What do all of those people in the Wall Street towers actually do? You won’t find them doing much of what most people think about when they hear the term “banking.” The following description of the business of Wall Street is from Christopher Ketcham’s “The Reign of One Percenters” at Orion Magazine:
At one time, the financial sector could be relied upon to allocate capital for the building of things that society needed—projects that also invariably created jobs. But productivity is no longer its purview. . . . Structured investment vehicles, credit default swaps, futures exchanges, hedge funds, complex securitization and derivative pools, the tranching of mortgages—these were shown to have “little or no long-term value,” according to [John Cassidy, a staff writer for The New Yorker]. The purpose was to “merely shift money around” without designing, building, or selling “a single tangible thing.” The One Percenter seeks only exchange value, as opposed to real value. Thus foreign exchange currency gambling has skyrocketed to seventy-three times the actual goods and services of the planet, up from eleven times in 1980. Thus the “value” of oil futures has risen from 20 percent of actual physical production in 1980 to 1,000 percent today. Thus interest rate derivatives have gone from nil in 1980 to $390 trillion in 2009. The trading schemes float disembodied above the real economy, related to it only because without the real economy there would be nothing to exploit.

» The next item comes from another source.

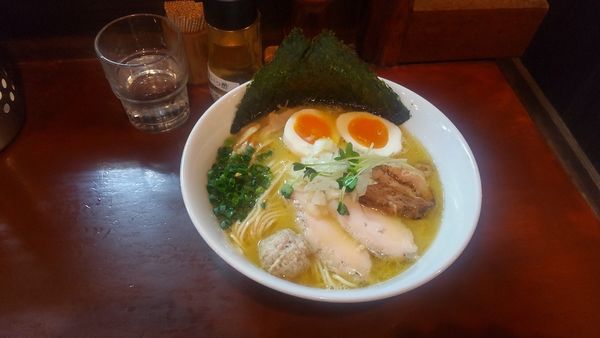 「特製濃厚塩鶏そば」@麺屋 くまがいの写真
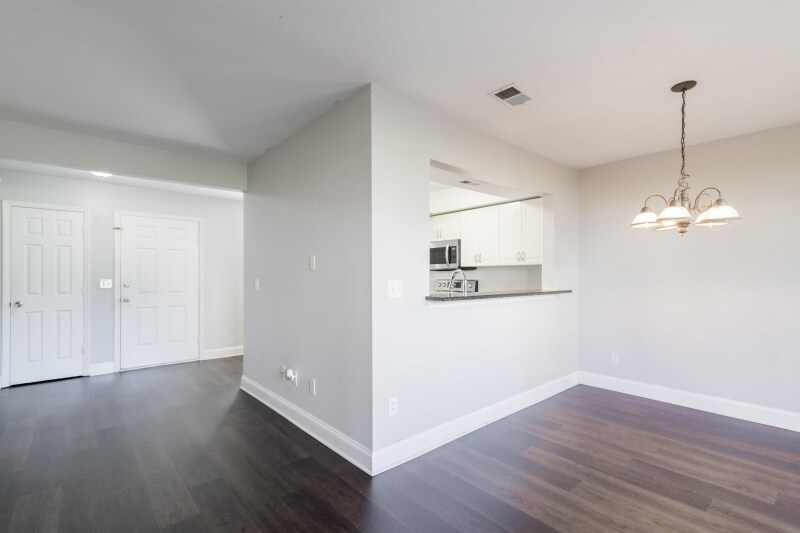 Building Photo - 7812 Renaissance Ct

Behold, then, the One Percenter in his Wall Street tower. He creates “value” by tapping on keyboards and punching in algorithms. He makes money playing with money, manipulating abstractions. He manufactures and chases after financial bubbles and then pricks them. . . . A study from the New Economics Foundation in England found that for every pound made in financial services in the city of London, roughly seven pounds of social wealth is lost—meaning the wealth of those in society who do productive work.